Ne croyez pas surtout, jeunes gens, que vous allez trouver dans la Bible une entreprise de moralisation… C’est pour moi une stupeur toujours nouvelle, d’entendre les religions d’aujourd’hui (et spécialement le protestantisme) répéter que la Bible est une école de moralité, — la plus haute école de moralité… Ces gens-là ne comprennent donc pas ce qu’ils lisent ? ou plutôt ne veulent-ils pas comprendre ? ou plutôt le lecteur protestant ne lit-il pas sa Bible française exactement de la même façon que nos dévotes catholiques lisent leurs prières latines ? Pour quelques traits par-ci par-là qu’on peut donner comme exemples, pour quelques maximes de sagesse qu’on peut épingler dans un prêche, la Bible présente presque à toutes ses pages les actes et les préceptes les plus contraires à notre morale moderne.

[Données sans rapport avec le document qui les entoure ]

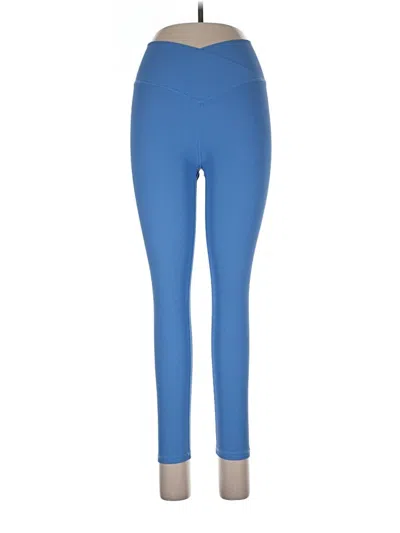 Pre-owned Wilo Active Pants In Blue
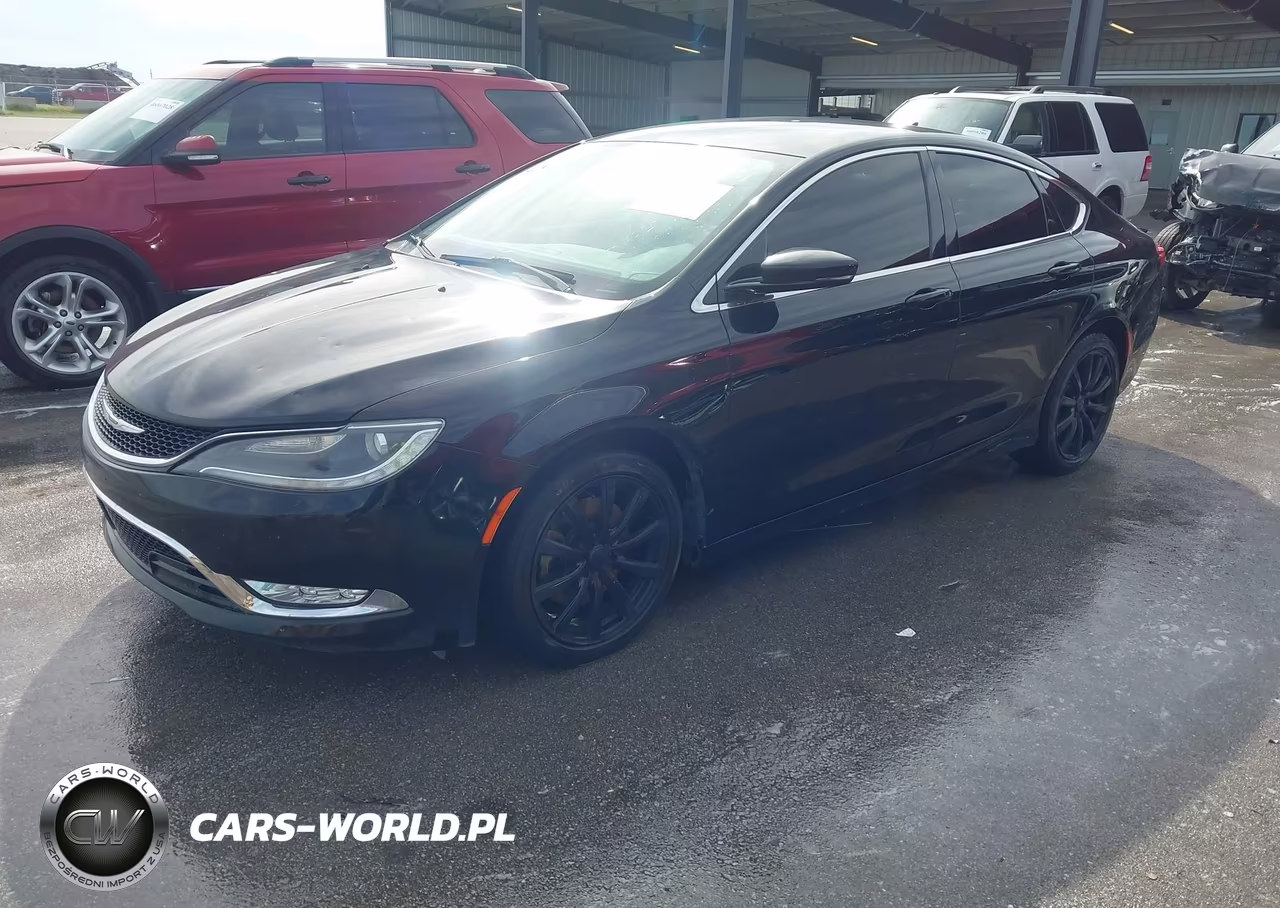 2015 Chrysler 200 C VIN:1C3CCCEG2FN514587 - 2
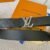 M0717S (3) LOUIS VUITTON Men's Belt LV SHADOW 40mm Reversible Belt M0717S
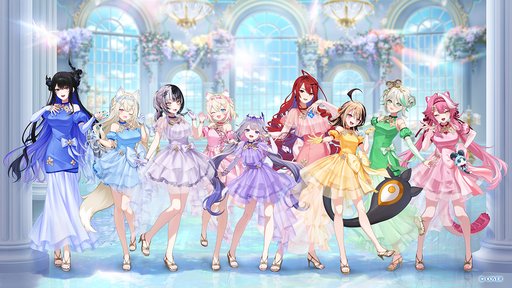 画像ギャラリー No.009のサムネイル画像 / ホロライブ設立9周年記念の巡回展示会「hololive Grand Reception」が東京,大阪,名古屋,福岡で開催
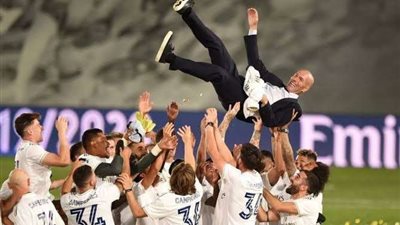 ريال مدريد يغلق ملف الليجا ويستعد للميركاتو الصيفي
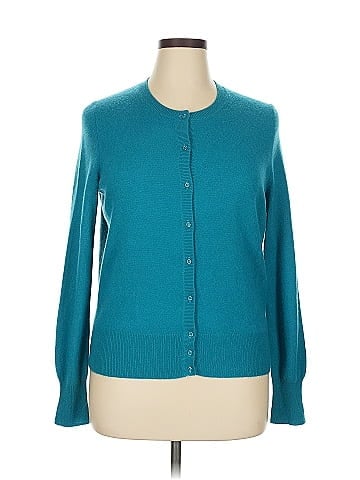 Lord & Taylor Cashmere Cardigan (view 1)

Mais ce n’est pas avec ces préoccupations qu’il faut lire la Bible ; pour le poète comme pour l’historien, la Bible n’est ni morale, ni immorale ; la Bible est « amorale » ; la Bible est une littérature ; la Bible est l’âme de ceux qui l’ont écrite. Pire que les dieux d’Homère et des tragiques grecs, Iahveh dieu d’Israël y est la plus terrible et la plus magnifique expression de ce tréfonds humain, de cet inconscient humain où fument toutes les passions.

J’entends l’objection : ce retour à la vieille Bible, n’est-ce pas, tout simplement, le retour à la barbarie ?

Il faudrait savoir ce que vous entendez par barbarie, et s’il ne s’agit pas plutôt de désembourber la poésie.

Georges Duhamel cite, après André Gide, un mot de Charles-Louis Philippe[1] :

Le temps de la douceur et du dilettantisme est passé ; maintenant il faut des barbares.

Et il ajoute :

Il faut des barbares pour la poésie comme pour le roman.

Ce n’est pas comme une réaction contre « la douceur et le dilet-

  1. Propos critiques, 11, puis 13.)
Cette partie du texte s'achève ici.